Blog_ JSON (1)

Which JSON library for Java can parse JSON files the fastest?

JSON is the accepted standard these days for transmitting data between servers and web applications, but like many things we’ve accepted, it’s easy to take it for granted and not put much further thought into it. We often don’t think about the JSON libraries we use, but there are some differences between them. With that in mind, we ran a benchmark test to see how fast four of the most popular JSON libraries for Java parse different sizes of files. Today, we’re sharing those results with you guys.

JSON is often used to transport and parse big files. This is a scenario that’s common in data processing applications running in Hadoop or Spark clusters. Given the size of these files, you can be looking at significant differences in parsing speed between libraries.

Small files come up all the time as incoming requests at high throughput, and parsing them happens quickly, so the differences in performance may not seem to be a big deal at first. But the differences add up, as often you need to parse lots of small files in rapid succession during times of heavy traffic. Micro services and distributed architectures often use JSON for transporting these kinds of files, as it’s the de facto format for web APIs.

Not all JSON libraries perform the same. Picking the right one for your environment can be critical. This benchmark can help you decide.

The JSON Libraries

JSON.simple vs GSON vs Jackson vs JSONP For the benchmark tests, we looked at four major JSON libraries for Java: JSON.simple, GSON, Jackson, and JSONP. All of these libraries are popularly used for JSON processing in a Java environment, and were chosen according to their popularity in Github projects. Here are the ones we tested:

  • Yidong Fang’s JSON.simple (https://github.com/fangyidong/json-simple). JSON.simple is a Java toolkit for encoding and decoding JSON text. It’s meant to be a lightweight and simple library that still performs at a high level.
  • Google’s GSON (https://github.com/google/gson). GSON is a Java library that converts Java Objects into JSON and vice versa. It provides the added benefit of full support for Java Generics, and it doesn’t require you to annotate your classes. Not needing to add annotations makes for simpler implementation and can even be a requirement if you don’t have access to your source code.
  • FasterXML’s Jackson Project (https://github.com/FasterXML/jackson).
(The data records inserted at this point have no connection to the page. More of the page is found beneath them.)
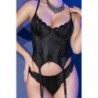 Corset Et String Cr-4623 Chilirose Noir 40 L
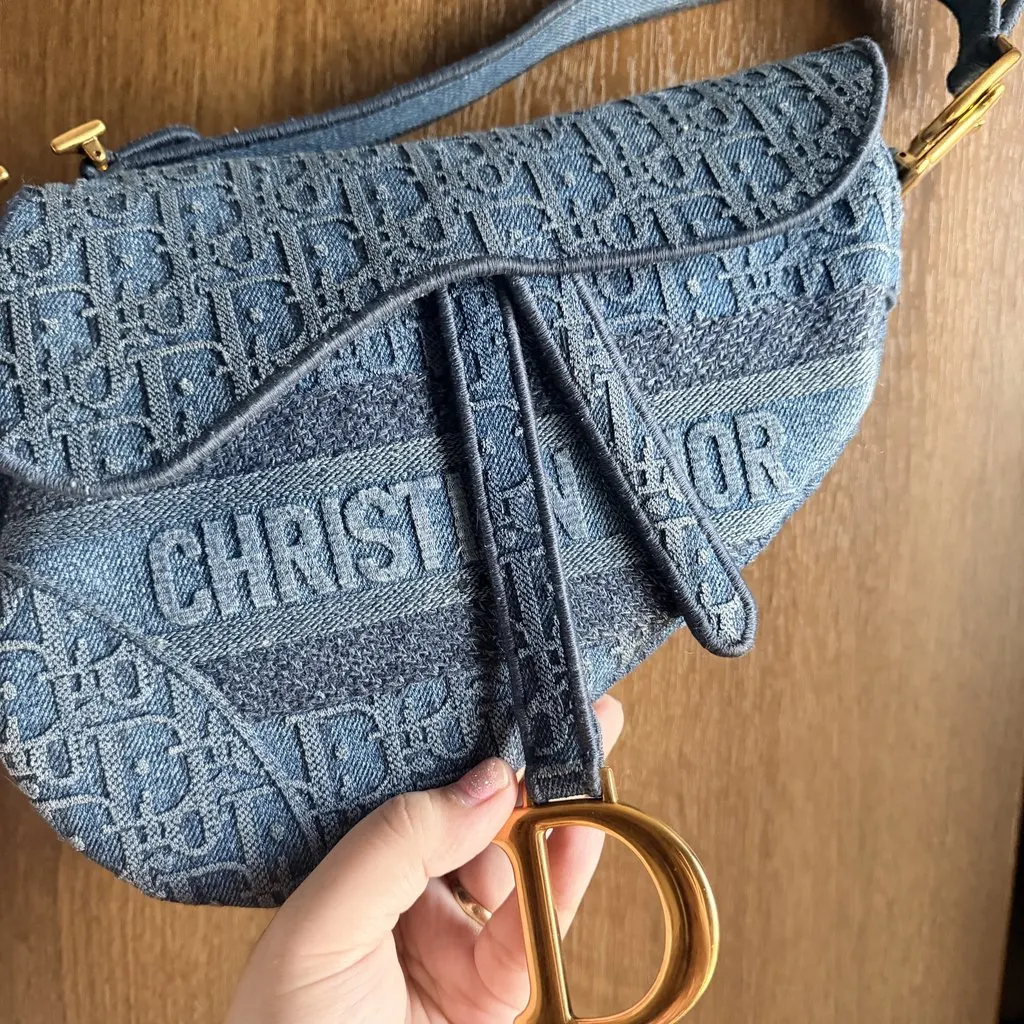 Dior Denim Saddle Bag Navy Jacquard Good - Inside View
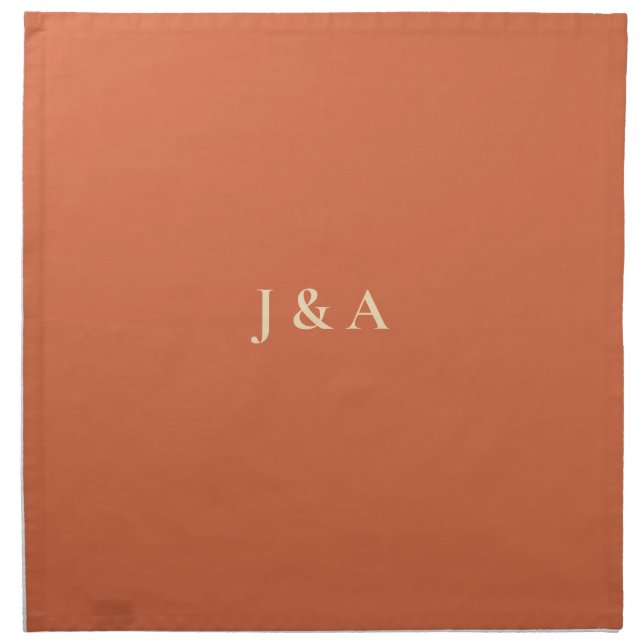 Orange Initials Wedding Napkin (Front)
Jackson is a group of data processing tools highlighted by its streaming JSON parser and generator library. Designed for Java, it can also handle other non-JSON encodings. It’s the most popular JSON parser, according to our findings on Github usages.
  • Oracle’s JSONP (https://jsonp.java.net/). JSONP (JSON Processing) is a Java API for JSON processing, namely around consuming and producing streaming JSON text. It’s the open source reference implementation of JSR353.

The Benchmark

We ran a benchmark test on the libraries for both big files and small files. The requirements (and therefore performance) for handling different file sizes are different, as are the environments in which the need to parse these files arise.

The benchmark tested two key scenarios: parsing speed for big files (190 MB) and parsing speed for small files (1 KB). The big files were taken from here: https://github.com/zeMirco/sf-city-lots-json. The small files were randomly generated from here: http://www.json-generator.com/.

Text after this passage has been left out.